But I had questions; how do the adults get here? How do they survive; what are they living on? How long do they live, and where, when it's freezing outside? How often do they breed? How long do the larvae live in our closets before they pupate; where are those pupae, and what do they look like? How long are they in this stage?
Most of the books and websites I found were focussed on discussions of control methods; how to eradicate carpet beetle larvae from your home and lab. Information about life cycle, especially the adult stage, was scant and brief.

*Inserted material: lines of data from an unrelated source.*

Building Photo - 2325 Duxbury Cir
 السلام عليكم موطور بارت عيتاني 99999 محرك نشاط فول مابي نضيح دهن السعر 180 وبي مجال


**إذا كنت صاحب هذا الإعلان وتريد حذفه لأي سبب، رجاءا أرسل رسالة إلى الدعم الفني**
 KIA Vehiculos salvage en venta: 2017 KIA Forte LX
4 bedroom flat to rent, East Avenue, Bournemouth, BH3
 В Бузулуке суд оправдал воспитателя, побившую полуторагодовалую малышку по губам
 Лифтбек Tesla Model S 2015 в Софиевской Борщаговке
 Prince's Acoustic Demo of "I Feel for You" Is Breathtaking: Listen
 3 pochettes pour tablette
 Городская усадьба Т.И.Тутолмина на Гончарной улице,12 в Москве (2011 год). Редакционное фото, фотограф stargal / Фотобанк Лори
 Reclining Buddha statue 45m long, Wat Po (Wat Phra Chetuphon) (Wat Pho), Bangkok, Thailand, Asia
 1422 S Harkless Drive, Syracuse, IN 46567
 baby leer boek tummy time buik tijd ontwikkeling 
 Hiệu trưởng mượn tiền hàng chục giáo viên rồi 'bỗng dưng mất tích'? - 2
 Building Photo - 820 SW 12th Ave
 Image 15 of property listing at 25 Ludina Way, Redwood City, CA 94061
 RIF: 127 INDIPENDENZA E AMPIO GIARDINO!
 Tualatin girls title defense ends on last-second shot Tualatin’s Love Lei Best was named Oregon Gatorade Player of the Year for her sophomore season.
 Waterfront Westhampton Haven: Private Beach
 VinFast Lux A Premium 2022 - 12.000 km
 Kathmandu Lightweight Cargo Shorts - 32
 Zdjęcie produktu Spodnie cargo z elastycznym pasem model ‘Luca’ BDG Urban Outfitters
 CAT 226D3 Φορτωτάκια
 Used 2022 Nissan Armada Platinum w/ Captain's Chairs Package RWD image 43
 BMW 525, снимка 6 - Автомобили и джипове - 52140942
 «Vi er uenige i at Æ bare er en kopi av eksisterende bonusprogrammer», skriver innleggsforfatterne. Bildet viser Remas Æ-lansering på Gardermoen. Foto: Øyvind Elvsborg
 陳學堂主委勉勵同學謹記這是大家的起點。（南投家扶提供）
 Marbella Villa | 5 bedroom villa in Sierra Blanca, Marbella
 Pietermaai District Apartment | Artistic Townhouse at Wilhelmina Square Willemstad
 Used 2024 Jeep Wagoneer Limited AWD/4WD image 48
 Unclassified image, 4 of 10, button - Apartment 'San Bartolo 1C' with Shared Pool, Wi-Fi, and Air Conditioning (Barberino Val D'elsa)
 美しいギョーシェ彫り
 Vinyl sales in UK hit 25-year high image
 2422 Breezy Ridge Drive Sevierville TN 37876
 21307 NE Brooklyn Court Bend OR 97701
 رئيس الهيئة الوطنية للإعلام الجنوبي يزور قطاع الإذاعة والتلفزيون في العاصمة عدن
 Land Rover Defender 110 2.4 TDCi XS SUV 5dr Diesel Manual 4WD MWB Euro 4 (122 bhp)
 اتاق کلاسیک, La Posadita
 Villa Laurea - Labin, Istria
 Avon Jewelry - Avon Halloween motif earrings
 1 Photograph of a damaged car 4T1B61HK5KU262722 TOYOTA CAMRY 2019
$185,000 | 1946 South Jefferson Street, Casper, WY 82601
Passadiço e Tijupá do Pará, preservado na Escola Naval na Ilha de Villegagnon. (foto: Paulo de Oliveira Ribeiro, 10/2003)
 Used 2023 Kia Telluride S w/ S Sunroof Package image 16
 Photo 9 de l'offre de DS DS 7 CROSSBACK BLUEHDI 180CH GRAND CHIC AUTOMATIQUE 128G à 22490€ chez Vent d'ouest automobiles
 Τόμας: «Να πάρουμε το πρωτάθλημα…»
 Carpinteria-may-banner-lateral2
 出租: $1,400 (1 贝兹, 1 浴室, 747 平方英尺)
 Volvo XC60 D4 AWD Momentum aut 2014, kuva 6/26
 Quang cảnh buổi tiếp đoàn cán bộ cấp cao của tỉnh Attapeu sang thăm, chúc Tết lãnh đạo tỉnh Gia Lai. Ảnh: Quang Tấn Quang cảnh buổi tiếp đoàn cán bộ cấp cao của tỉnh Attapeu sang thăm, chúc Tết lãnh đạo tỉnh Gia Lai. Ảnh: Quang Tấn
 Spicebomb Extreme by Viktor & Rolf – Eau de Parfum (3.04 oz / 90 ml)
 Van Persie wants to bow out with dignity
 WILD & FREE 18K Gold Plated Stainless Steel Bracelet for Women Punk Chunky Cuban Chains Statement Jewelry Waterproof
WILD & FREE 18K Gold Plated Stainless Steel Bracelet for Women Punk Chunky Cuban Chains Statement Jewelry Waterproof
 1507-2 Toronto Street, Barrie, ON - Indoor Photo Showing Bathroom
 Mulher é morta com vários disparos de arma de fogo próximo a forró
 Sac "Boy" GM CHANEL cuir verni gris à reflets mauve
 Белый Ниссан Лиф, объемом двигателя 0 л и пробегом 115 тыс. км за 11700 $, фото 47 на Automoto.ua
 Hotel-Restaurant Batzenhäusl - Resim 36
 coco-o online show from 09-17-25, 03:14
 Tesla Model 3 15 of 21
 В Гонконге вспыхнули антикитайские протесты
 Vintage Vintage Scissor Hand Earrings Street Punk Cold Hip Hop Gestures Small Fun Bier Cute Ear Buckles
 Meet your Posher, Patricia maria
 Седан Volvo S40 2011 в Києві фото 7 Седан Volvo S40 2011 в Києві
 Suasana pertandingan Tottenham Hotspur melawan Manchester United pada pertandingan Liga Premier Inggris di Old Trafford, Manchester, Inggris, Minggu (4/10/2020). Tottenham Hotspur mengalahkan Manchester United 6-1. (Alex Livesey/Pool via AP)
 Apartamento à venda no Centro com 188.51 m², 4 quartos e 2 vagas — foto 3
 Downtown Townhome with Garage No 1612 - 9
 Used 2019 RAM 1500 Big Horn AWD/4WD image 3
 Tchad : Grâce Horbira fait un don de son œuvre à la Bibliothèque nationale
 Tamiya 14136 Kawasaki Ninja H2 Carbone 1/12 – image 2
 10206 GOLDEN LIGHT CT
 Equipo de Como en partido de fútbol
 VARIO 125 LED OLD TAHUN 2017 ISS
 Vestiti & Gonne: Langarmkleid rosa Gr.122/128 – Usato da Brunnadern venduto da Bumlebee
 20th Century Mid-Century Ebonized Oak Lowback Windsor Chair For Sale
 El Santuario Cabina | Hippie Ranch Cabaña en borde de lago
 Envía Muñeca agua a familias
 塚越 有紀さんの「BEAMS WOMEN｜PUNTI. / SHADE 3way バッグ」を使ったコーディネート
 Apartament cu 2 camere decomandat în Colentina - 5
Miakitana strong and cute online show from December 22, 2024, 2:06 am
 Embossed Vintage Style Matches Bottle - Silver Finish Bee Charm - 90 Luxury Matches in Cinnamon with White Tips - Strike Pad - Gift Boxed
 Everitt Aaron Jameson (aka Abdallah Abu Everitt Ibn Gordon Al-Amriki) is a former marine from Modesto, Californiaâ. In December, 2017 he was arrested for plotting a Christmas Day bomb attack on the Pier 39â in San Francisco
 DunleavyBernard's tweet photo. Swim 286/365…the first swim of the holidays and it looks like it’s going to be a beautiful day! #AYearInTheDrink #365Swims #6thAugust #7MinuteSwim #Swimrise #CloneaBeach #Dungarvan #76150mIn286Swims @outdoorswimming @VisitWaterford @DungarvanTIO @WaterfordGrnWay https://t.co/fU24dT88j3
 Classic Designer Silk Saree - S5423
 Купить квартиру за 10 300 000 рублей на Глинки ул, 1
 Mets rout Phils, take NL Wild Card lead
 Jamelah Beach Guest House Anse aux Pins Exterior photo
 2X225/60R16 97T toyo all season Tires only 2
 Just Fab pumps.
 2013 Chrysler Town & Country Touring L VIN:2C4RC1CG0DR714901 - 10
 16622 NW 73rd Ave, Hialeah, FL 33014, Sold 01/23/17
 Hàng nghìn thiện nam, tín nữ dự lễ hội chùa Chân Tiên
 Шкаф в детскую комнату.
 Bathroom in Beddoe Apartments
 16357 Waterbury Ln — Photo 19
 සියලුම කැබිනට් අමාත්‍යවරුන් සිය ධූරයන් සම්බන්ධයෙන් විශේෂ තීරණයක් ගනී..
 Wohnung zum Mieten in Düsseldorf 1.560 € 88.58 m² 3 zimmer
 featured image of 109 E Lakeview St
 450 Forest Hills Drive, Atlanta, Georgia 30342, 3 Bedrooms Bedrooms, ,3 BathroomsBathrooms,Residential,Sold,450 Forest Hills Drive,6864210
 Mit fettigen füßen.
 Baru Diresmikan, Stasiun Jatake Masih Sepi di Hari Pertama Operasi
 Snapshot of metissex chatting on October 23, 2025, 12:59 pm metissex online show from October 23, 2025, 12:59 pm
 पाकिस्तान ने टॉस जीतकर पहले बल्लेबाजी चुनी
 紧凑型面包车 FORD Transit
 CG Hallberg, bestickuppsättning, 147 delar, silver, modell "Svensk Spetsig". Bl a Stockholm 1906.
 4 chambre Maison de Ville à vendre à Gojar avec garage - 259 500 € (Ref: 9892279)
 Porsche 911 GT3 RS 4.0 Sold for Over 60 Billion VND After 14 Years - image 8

Carpet beetle, in the wild.
When, with the advent of warmer weather, carpet beetle adults started showing up here more regularly, I found a glass container with a good lid (an old butter dish), and started keeping them alive on my desk.
"Pet" carpet beetles, on flower petals.
They live for at least a week with no food available. I give them a drop of water every couple of days. In a couple of websites, I read that they eat flower pollen. One named the flowers: daisies, asters, spirea.
Hmmm. The daisies and asters aren't out yet, and there are no spirea near my place; what have they been eating before they decided to pay me a visit? I've been treating them to the small flowers from my garden. They like maple flowers, dead nettle, apple blossoms; they seem to ignore violets and pansies. And they live longer than before.
They sleep often; sometimes I think one is dead. I have learned to mark its position. Hours later, when I check, it's "dead" somewhere else. They don't try to escape; their walls are glass, and they don't climb them. And their wings are used mostly for helping them flip back on their feet after they take a tumble. They don't try to fly out when I take off the lid to observe them. (Other beetles aren't so cooperative.) Awake, they trundle about, nibbling at the flowers, occasionally stopping to sip at a droplet of water.
Carpet beetle in captivity, on apple blossom stem.
How about breeding? They lay their eggs in sheltered locations; under baseboards, in crevices in the woodwork, and so on. I gave my "pets" an inch-square piece of coloured paper for a hiding place. That should provide the illusion of shelter and the eggs will stand out on the paper.
I can't tell which is male and which female, but once I had four or five live adults in the container, I figured there would be at least one couple. I kept a close watch on them, and caught a pair in the act:
Love in the springtime.
And there are eggs on the underside of the paper! In a couple of weeks they should be hatching. I'm planning the nursery already; a tightly-lidded, double-sealed container made cozy with old wool scraps. Maybe I should give them a stuffed Teddy bear.